● Brief: Your task is to quote the records from their first line through the line containing "The Fangsteel Chevron Ring", with nothing added or left out.

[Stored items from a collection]

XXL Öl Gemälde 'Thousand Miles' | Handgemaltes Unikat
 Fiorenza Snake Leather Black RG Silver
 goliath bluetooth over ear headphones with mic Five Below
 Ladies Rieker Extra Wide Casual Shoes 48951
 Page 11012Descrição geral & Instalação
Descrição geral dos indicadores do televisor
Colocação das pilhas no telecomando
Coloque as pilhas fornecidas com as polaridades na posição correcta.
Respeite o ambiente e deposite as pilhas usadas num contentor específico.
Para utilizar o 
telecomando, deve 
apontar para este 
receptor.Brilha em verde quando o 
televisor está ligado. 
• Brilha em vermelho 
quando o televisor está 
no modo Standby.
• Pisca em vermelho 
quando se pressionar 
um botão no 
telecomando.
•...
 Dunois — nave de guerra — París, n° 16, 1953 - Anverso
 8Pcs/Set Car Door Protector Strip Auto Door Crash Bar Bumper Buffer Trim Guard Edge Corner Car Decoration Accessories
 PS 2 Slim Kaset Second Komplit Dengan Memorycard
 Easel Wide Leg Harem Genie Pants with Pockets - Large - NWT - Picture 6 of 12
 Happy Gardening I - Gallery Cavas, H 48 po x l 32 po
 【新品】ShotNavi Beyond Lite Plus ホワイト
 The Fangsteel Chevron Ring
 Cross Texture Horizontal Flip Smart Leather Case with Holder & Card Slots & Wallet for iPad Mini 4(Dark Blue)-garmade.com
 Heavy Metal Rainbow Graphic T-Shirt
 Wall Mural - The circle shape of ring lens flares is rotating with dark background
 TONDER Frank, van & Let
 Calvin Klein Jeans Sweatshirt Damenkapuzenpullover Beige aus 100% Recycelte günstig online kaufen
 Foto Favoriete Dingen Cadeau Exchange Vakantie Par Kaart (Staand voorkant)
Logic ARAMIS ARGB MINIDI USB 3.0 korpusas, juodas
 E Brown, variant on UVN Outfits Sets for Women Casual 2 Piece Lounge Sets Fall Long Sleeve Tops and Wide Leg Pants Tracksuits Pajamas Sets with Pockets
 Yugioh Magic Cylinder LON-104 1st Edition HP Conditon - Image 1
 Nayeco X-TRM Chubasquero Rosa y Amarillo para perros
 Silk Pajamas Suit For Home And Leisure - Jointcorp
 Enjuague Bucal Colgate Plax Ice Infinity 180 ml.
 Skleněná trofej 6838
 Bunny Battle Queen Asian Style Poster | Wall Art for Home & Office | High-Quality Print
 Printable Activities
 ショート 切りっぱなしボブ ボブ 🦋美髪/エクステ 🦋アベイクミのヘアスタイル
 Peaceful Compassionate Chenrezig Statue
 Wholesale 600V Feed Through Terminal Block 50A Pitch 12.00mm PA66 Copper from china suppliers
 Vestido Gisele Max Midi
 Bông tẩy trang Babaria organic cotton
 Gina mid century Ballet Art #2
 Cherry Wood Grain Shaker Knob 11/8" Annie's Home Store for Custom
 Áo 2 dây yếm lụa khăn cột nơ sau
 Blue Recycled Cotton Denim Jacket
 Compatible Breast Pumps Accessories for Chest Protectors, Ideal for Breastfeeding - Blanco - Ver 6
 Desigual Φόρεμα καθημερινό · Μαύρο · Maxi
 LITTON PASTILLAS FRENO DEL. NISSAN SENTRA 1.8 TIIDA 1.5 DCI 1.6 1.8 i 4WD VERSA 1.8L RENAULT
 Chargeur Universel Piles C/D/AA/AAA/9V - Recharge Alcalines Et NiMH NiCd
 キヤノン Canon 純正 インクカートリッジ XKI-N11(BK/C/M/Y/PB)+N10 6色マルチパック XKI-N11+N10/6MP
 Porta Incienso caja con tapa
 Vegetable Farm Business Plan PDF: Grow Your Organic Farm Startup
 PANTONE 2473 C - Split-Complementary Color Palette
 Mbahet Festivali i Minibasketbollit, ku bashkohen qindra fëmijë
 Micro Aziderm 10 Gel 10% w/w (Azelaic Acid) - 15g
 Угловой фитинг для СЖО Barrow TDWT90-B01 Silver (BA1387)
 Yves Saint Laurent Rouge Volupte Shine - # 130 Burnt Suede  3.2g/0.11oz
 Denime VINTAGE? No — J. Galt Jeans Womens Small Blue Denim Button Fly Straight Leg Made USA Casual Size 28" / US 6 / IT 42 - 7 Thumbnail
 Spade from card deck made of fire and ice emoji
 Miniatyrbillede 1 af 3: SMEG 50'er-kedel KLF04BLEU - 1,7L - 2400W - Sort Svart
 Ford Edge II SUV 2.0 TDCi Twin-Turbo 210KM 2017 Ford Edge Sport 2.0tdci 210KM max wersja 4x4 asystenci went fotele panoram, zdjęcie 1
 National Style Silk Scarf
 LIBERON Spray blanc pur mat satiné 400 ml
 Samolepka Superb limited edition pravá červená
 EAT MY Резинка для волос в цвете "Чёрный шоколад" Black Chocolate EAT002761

● Result:
XXL Öl Gemälde 'Thousand Miles' | Handgemaltes Unikat
 Fiorenza Snake Leather Black RG Silver
 goliath bluetooth over ear headphones with mic Five Below
 Ladies Rieker Extra Wide Casual Shoes 48951
 Page 11012Descrição geral & Instalação
Descrição geral dos indicadores do televisor
Colocação das pilhas no telecomando
Coloque as pilhas fornecidas com as polaridades na posição correcta.
Respeite o ambiente e deposite as pilhas usadas num contentor específico.
Para utilizar o 
telecomando, deve 
apontar para este 
receptor.Brilha em verde quando o 
televisor está ligado. 
• Brilha em vermelho 
quando o televisor está 
no modo Standby.
• Pisca em vermelho 
quando se pressionar 
um botão no 
telecomando.
•...
 Dunois — nave de guerra — París, n° 16, 1953 - Anverso
 8Pcs/Set Car Door Protector Strip Auto Door Crash Bar Bumper Buffer Trim Guard Edge Corner Car Decoration Accessories
 PS 2 Slim Kaset Second Komplit Dengan Memorycard
 Easel Wide Leg Harem Genie Pants with Pockets - Large - NWT - Picture 6 of 12
 Happy Gardening I - Gallery Cavas, H 48 po x l 32 po
 【新品】ShotNavi Beyond Lite Plus ホワイト
 The Fangsteel Chevron Ring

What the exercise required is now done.